■ The Monk
Matthew Lewis’ novel The Monk (1796), a milestone in gothic fiction, is brought to life in French director Dominik Moll’s elegantly filmed adaptation. Capucin Ambrosio (Vincent Cassel) is the most acclaimed preacher in 16th-century Spain, but his spiritual path leads down the road to darkness, masochism—and worse. Suppression only triggers temptation and obsession. In this quiet dramatization, Ambrosio’s preoccupation with evil leads to greater evil.
■ Combat Girls
Nihilism is almost indistinguishable from Nazism and sex is an expression of violence in this German film about the country’s youthful neo-Nazi subculture. Given the scarcity of Jews in post-Hitler Germany, the chilling brutality of these tattooed skinheads—Sieg Heiling to a death metal roar—is directed against Asians and Middle Easterners. Combat Girls explores the dangerous allure of extremism as a rebuke to bad parenting and a banal society.

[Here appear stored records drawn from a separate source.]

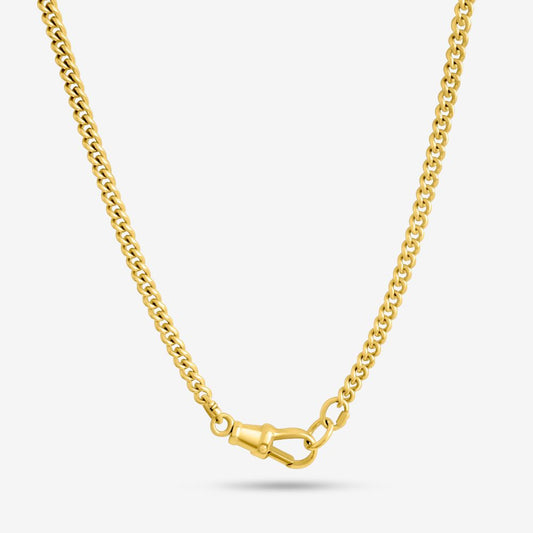 Sally Curb Chain Necklace with Swivel Clasp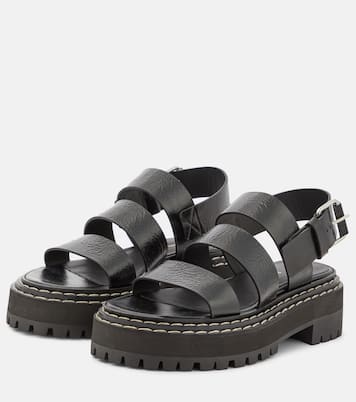 Lug leather sandals | Proenza Schouler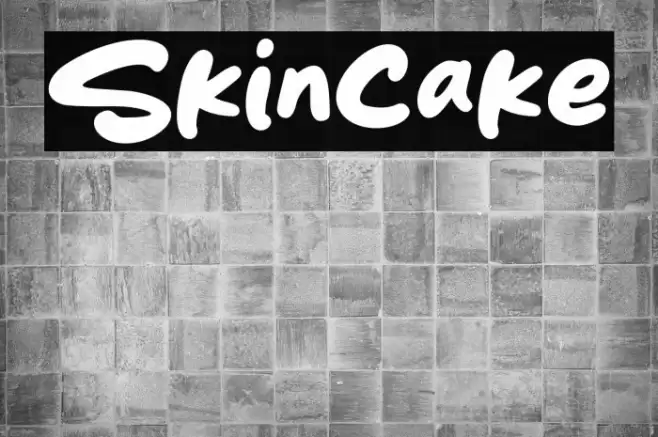 Skincake Font examples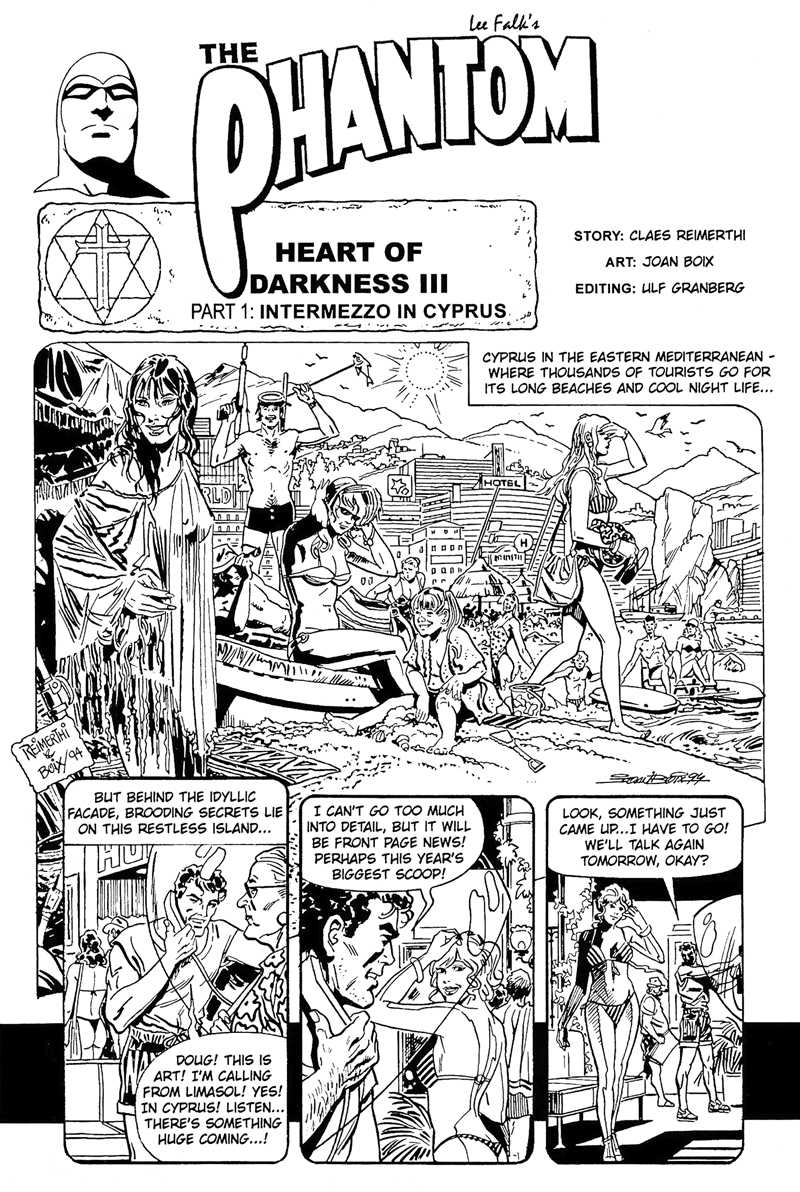 Claes Reimerthi et Joan Boix The Phantom  Heart of darkness III Intermezzo in Cyprus dans PHANTOM  1767 Frew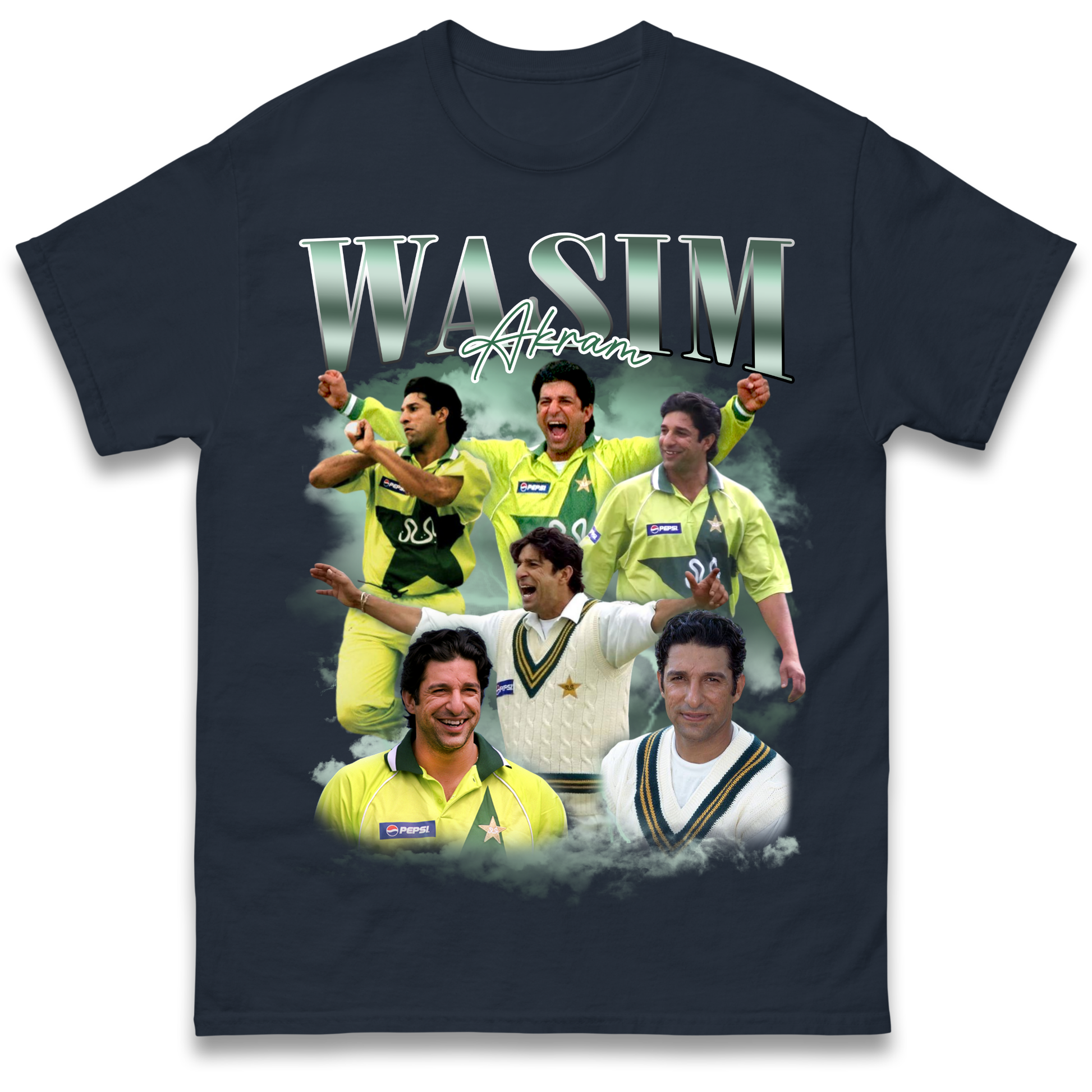 Wasim Akram T Shirt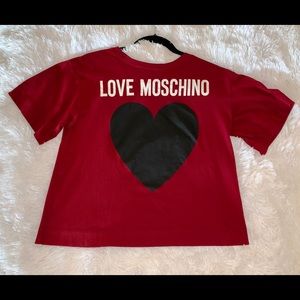 Love Moschino Red Heart Shirt
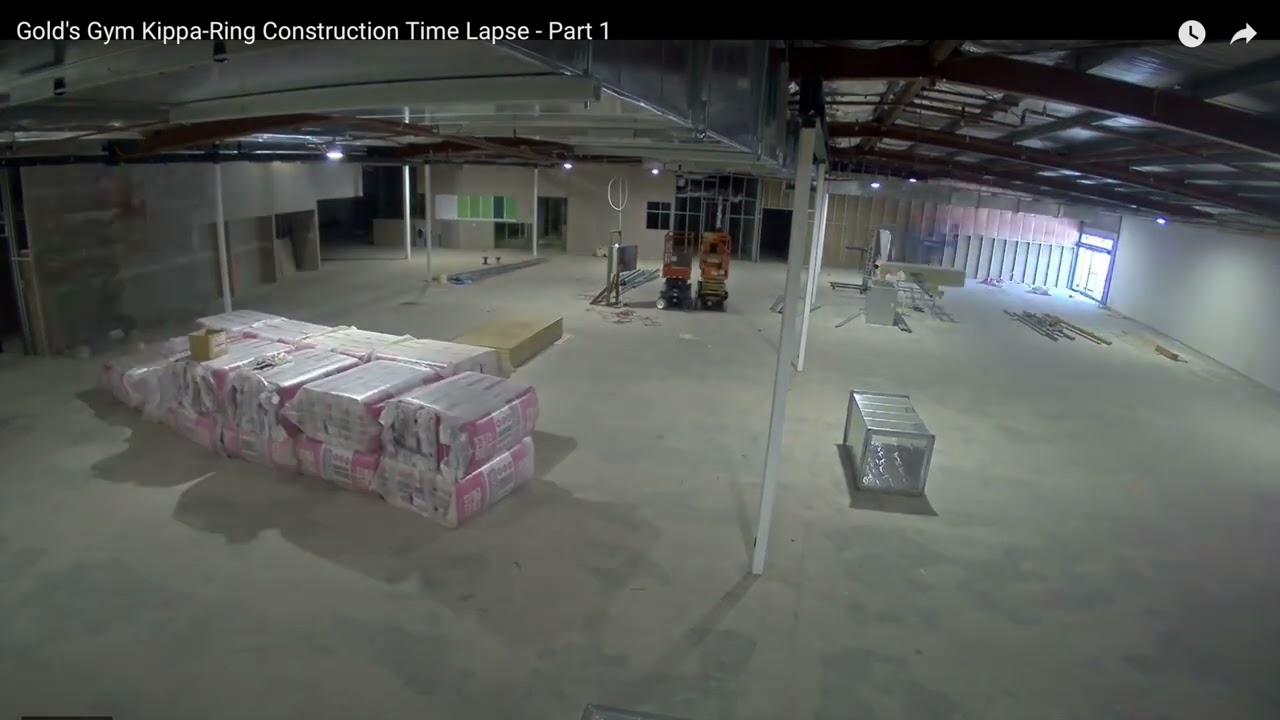 Gold's Gym Kippa-Ring Construction Time Lapse | by Prima Commercial Fitouts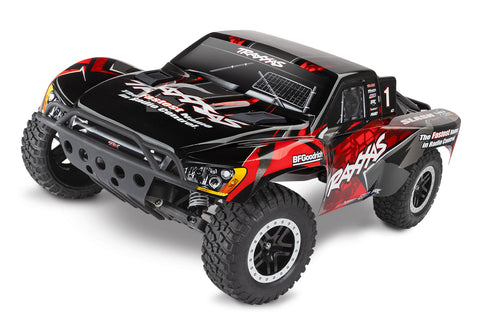 TRA58276-74-RED SLASH VXL MAG 272R-1/10 TRUCK-Mike's Hobby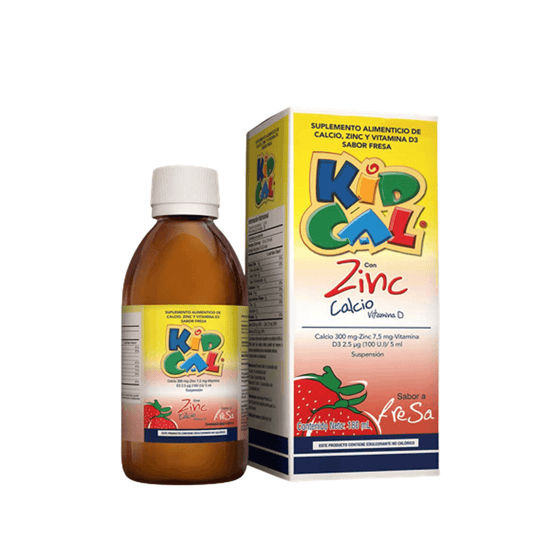 KID CAL 180ML   CALCIO- VIT D- ZINC  FRESA  JARABE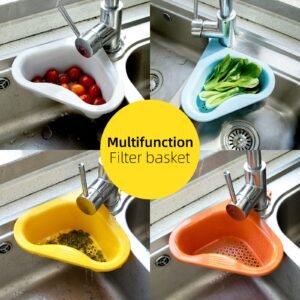Multi-Functional Swan Drain Basket Kitchen Food Drainer_000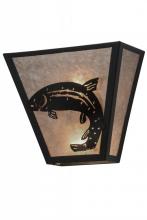 Meyda Green 158828 - 13"W Leaping Trout Wall Sconce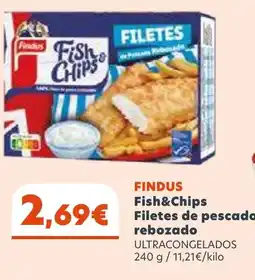 Coviran FINDUS Fish&Chips Filetes de pescado rebozado oferta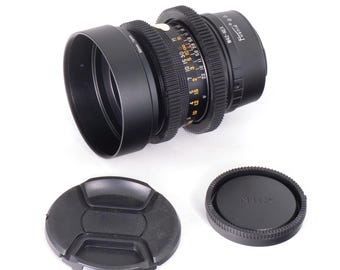 Unitor Auto Wide 35mm F2.8 Cine Modded Wide Angle Prime Lens For Sony E-mount!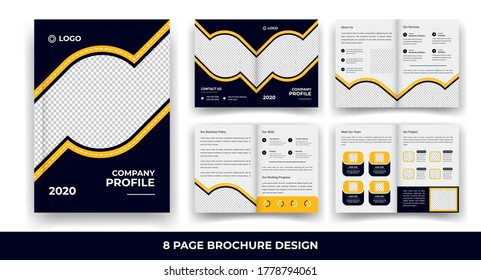 Creative 8 page business brochure templates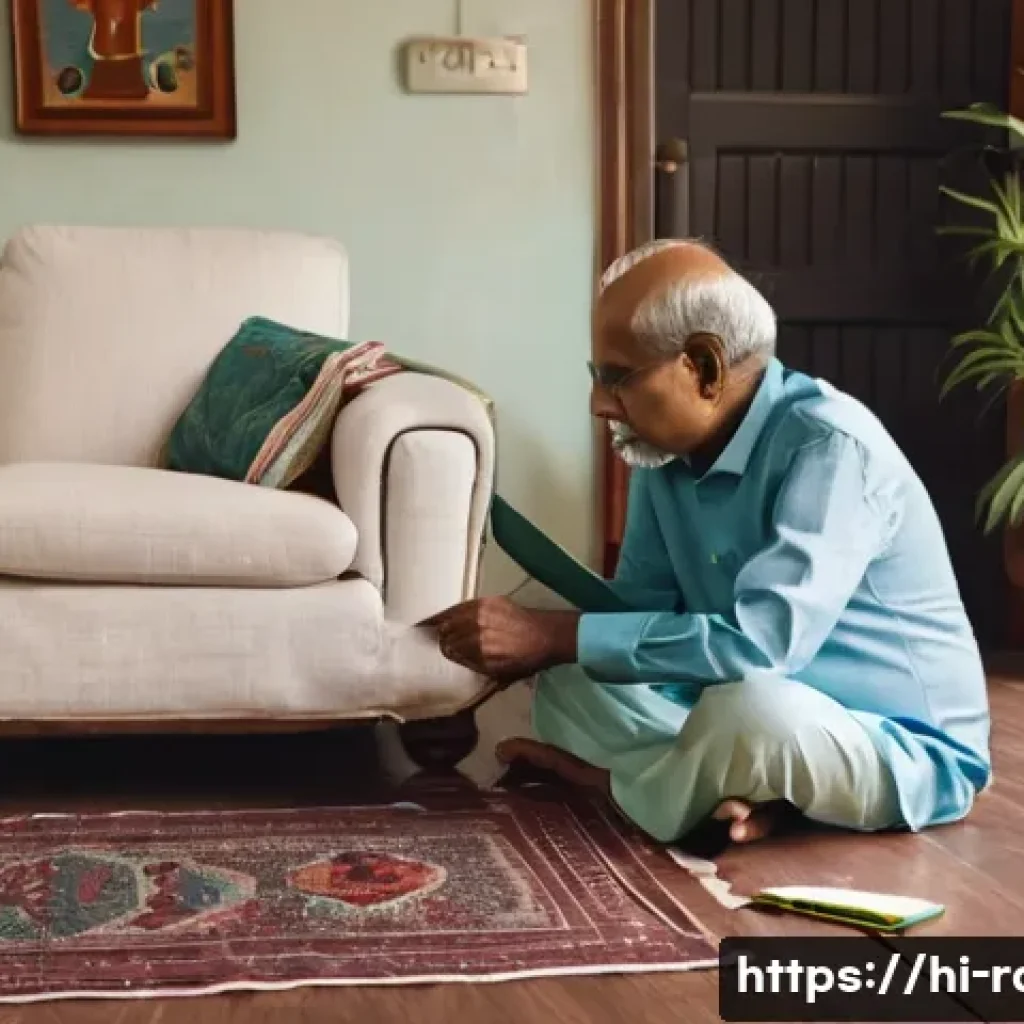 루게릭병 환자 지원 프로그램 - **Prompt:** A heartwarming and intimate scene depicting an elderly Indian man with Amyotrophic Later...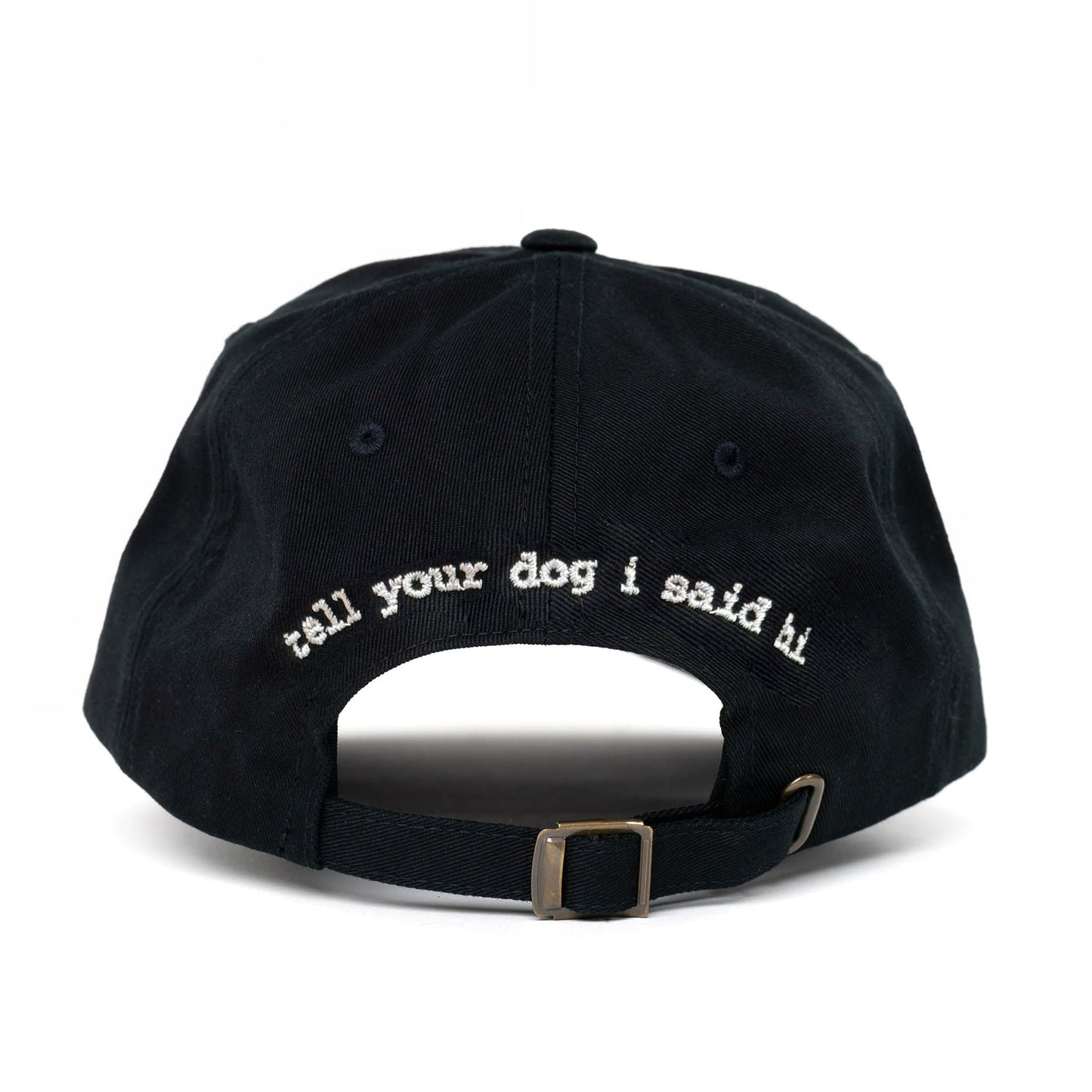 Black Waving Dog Hat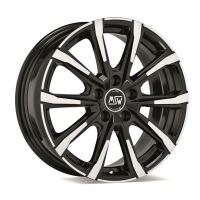 Alu disk MSW ALL SEASON MSW 79 6.5x16, 5x100, 54.1, ET45 GLOSS BLACK FULL POLISHED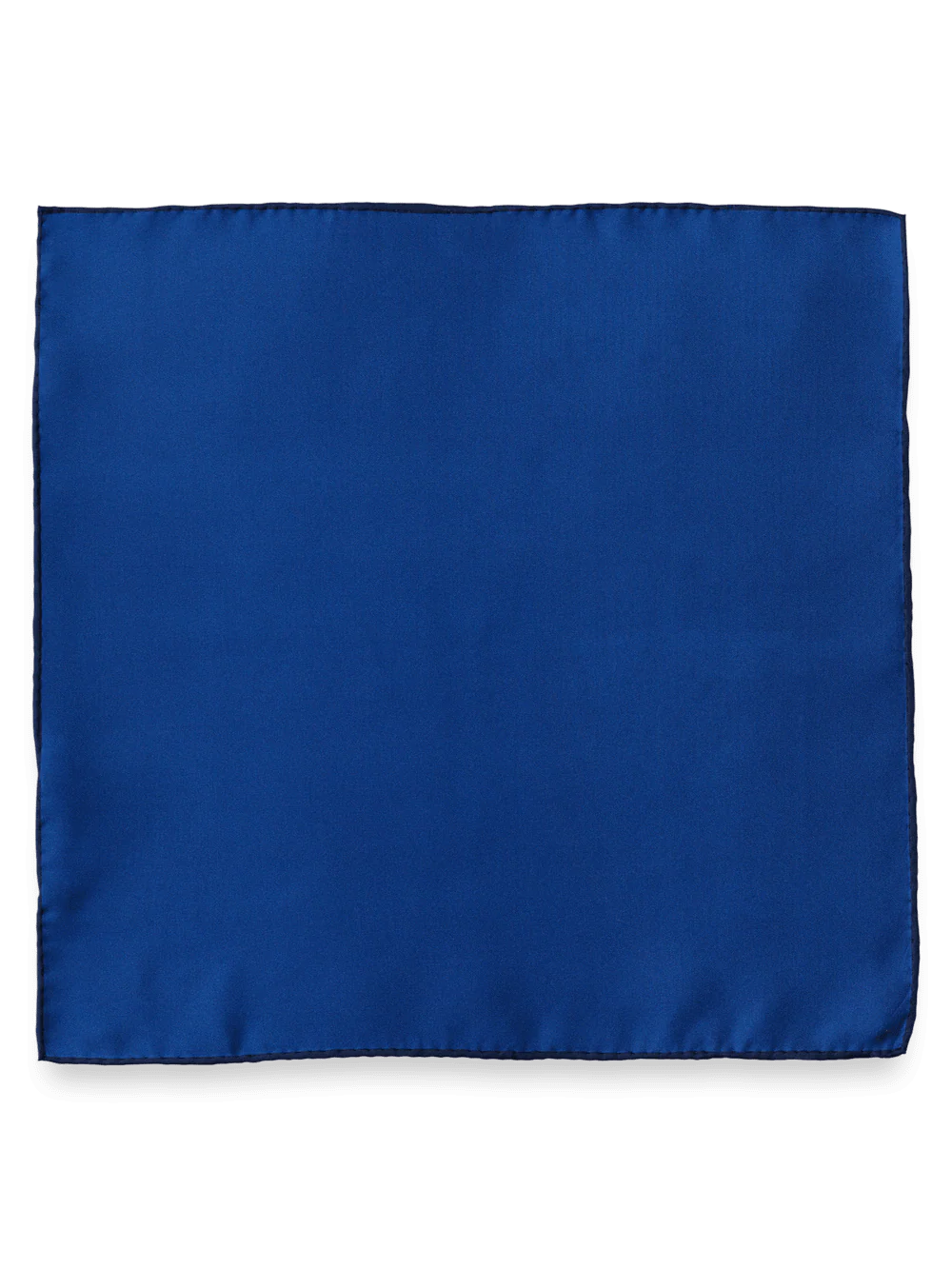 Solid Silk Pocket Square - Burgundy - Image 2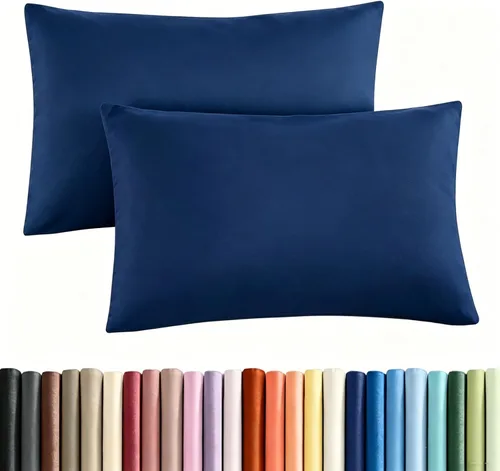 Vista 9 de Mohap Funda de almohada con cremallera, 4 piezas, microfibra cepillada 1800, calidad de hotel, súper suave, no se encoge, no se decolora, color Rosa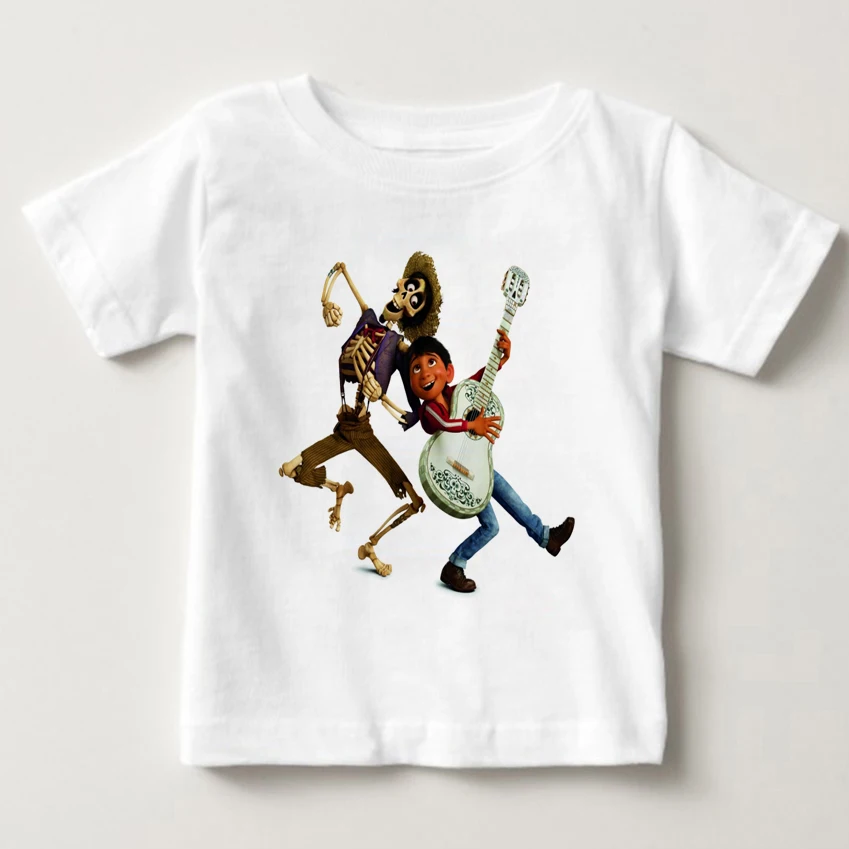 

Cartoon Pixar Movie Coco kids Clothes Coat Sweatshirt Sleeveless Shirt Kids Costumes boy and girt t shirt baby boy t-shirt MJ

■ War on Whistleblowers: Free Press and the National Security State
Robert Greenwald’s documentary examines four recent whistleblowers whose revelations changed policies—or at least stirred public debate. When Marine Corps veteran Franz Gayl’s reports on the vulnerability of Humvees to IEDs went unanswered, he leaked his unclassified report to a blogger, which drew attention from Sen. Joe Biden, a front-page story in USA Today and a shift in Defense Department policy. Greenwald uses this and other examples to show how whistle blowing has become integral to the good functioning of democracy.